Investors looking to add bond exposures should consider the +Natixis Loomis Sayles Short Duration Income ETF+ (LSST ). The fund makes a strong complement to a fixed income portfolio, adding diversification to longer-duration exposures.
Investors continue increasing their fixed income portfolios this month in hopes of interest rate cuts in September. While many advisors and investors are looking to the longer end of the yield curve, including short-duration funds may enhance portfolio diversification.
LSST is actively managed and uses top-down macro analysis and bottom-up sector and security selection. An actively managed fixed income strategy brings the added benefit of risk awareness and response that passive bond investing may not provide. LSST seeks to offer a balanced risk and reward profile against its benchmark, the Bloomberg US Government/Credit 1-3 Year Bond Index.
See also: 3 Tips When Looking to Short-Term Bonds
Active Management Within Fixed Income
The starting universe for the fund includes U.S. Treasuries and agencies, mortgage-backed securities (MBS), and commercial mortgage-backed securities (CMBS). It also includes asset-backed securities (ABS) and U.S. and non-U.S. domiciled investment-grade corporate bonds.
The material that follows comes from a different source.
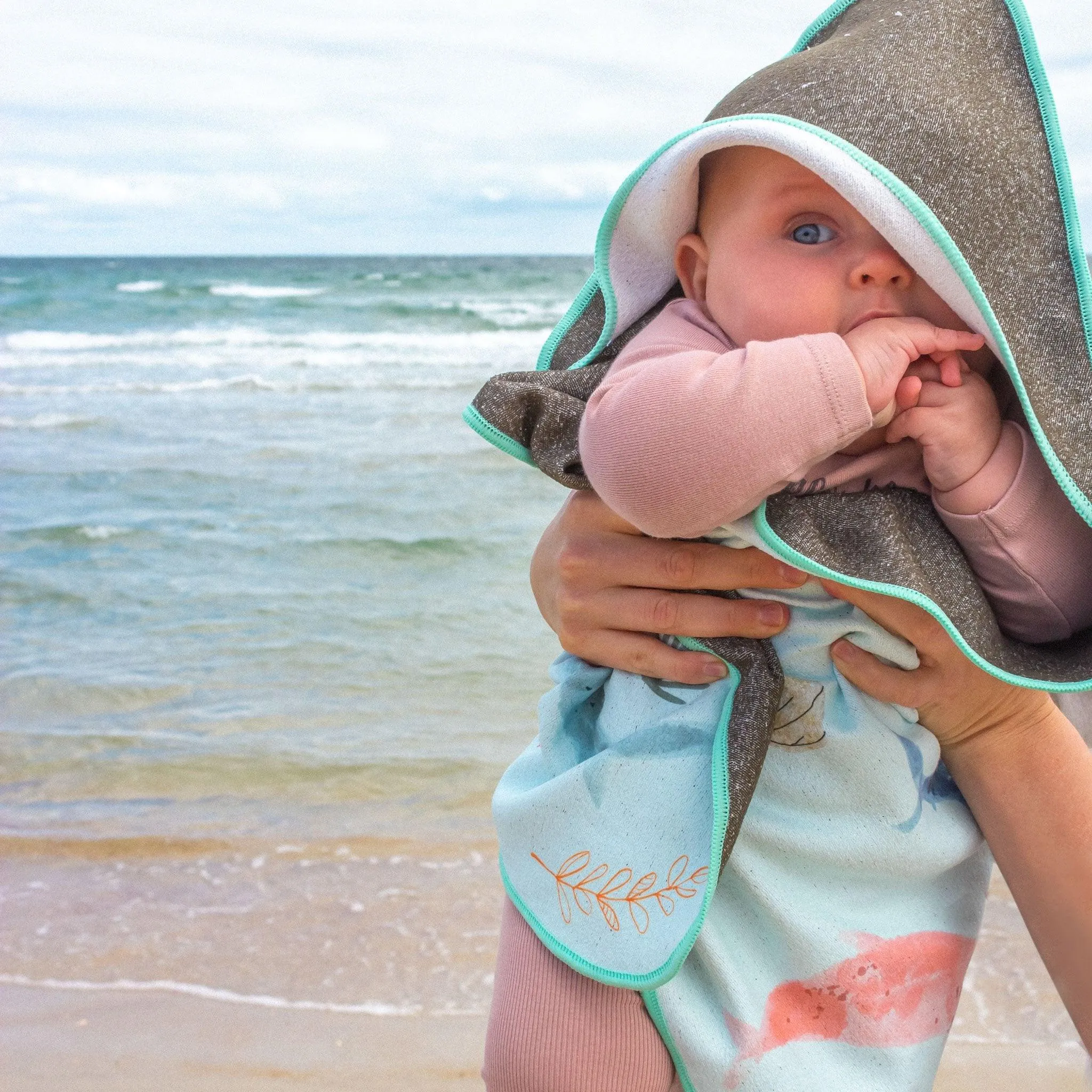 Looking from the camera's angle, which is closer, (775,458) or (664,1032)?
(775,458)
LSST’s strategy diversifies across sectors, including securitized debt and below-investment-grade bonds. When investing, the strategy relies on insights from the Loomis Global Asset Allocation Team. They consider inflation, global interest rates, the economic environment, and how asset classes perform in differing economic environments.
The management team measures the risk of such investments against the income and return potential when investing. Those securities that rate less than investment grade are constrained to 15% of the fund’s portfolio. All investments are U.S. dollar-denominated.
As of 08/12/2024, the fund’s effective duration was 1.81 years, and its 30-day SEC yield was 4.75%.
LSST has an expense ratio of 0.35% with a contractual waiver that expires on 04/30/2026.